The PIU is about to launch its latest research exploring the possible courses of action in times of economic uncertainty. As part of this, it will look at strategies and tools to navigate a company through an economic slump.
The larger the company, the greater the scope for employing aggressive negotiation strategies. Indeed, some companies can circumnavigate the need for negotiations - the last crisis saw many famous examples of suppliers receiving letters outlining a 10% payment cut.
The current climate is made more challenging by a market that is seeing inflation in nearly all commodities. Indeed, many procurement professionals now experiencing the boot being on the other foot, with suppliers increasingly able to dictate terms with customers fighting tighter supplies of key input goods.

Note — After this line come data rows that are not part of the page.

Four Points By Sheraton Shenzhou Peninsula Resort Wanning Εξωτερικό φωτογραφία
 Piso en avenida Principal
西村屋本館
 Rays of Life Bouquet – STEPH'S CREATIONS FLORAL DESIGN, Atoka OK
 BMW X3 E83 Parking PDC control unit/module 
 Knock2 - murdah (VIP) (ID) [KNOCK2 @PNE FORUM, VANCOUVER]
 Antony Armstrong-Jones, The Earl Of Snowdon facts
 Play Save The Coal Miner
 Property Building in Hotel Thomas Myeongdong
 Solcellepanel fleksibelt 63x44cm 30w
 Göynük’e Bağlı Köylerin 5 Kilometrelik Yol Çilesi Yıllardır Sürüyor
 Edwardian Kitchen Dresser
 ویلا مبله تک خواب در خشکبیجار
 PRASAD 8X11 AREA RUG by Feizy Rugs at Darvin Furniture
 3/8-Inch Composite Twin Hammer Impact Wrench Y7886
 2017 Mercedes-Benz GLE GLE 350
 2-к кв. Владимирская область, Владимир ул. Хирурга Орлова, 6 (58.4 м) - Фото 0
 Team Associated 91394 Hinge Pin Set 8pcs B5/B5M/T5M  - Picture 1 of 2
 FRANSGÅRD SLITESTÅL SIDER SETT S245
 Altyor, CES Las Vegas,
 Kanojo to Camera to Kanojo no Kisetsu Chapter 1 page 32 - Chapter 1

As the economic situation worsens, procurement's range of options is limited. For instance, the promise of future business is a lever that may be entirely absent from the buyer's toolbox.
In such circumstances, when commercial pressure may not be enough, buyers may opt for a 'softer' approach. It would be hoped that lower contract prices may be delivered by bringing businesses closer together.
The question for suppliers would be whether it would accept a buyer's move to forge a strategic relationship when it is financially struggling, especially if there is a history of aggressive negotiation and cost-cutting.
Procurement needs to ensure that strategic relationships are forged for the right reasons. Namely: clear commercial benefits of working closely either to innovate or improve productivity by close working. A concealed attempt to secure lower costs will scarcely be credible and set unrealistic expectations in a relationship.
There may be opportunities, however, for more vertical integration within a sector that is struggling more generally. It may be an opportune moment – if there is any available capital – to consider acquiring a supplier that is experiencing financial difficulties, but can add value to the organisation.
Aside from this more extreme measure, looking beyond the cost-reduction focus which may dominate procurement's concerns may deliver savings through indirect means – productivity gains, for instance.
The main barrier to these opportunities, however, is not their presence, but the mindset. Once a company experiences financial difficulties, this filters through the entire organisation, leading procurement to a myopic focus on cost. But, can buyers over look this and still take advantage of the opportunities?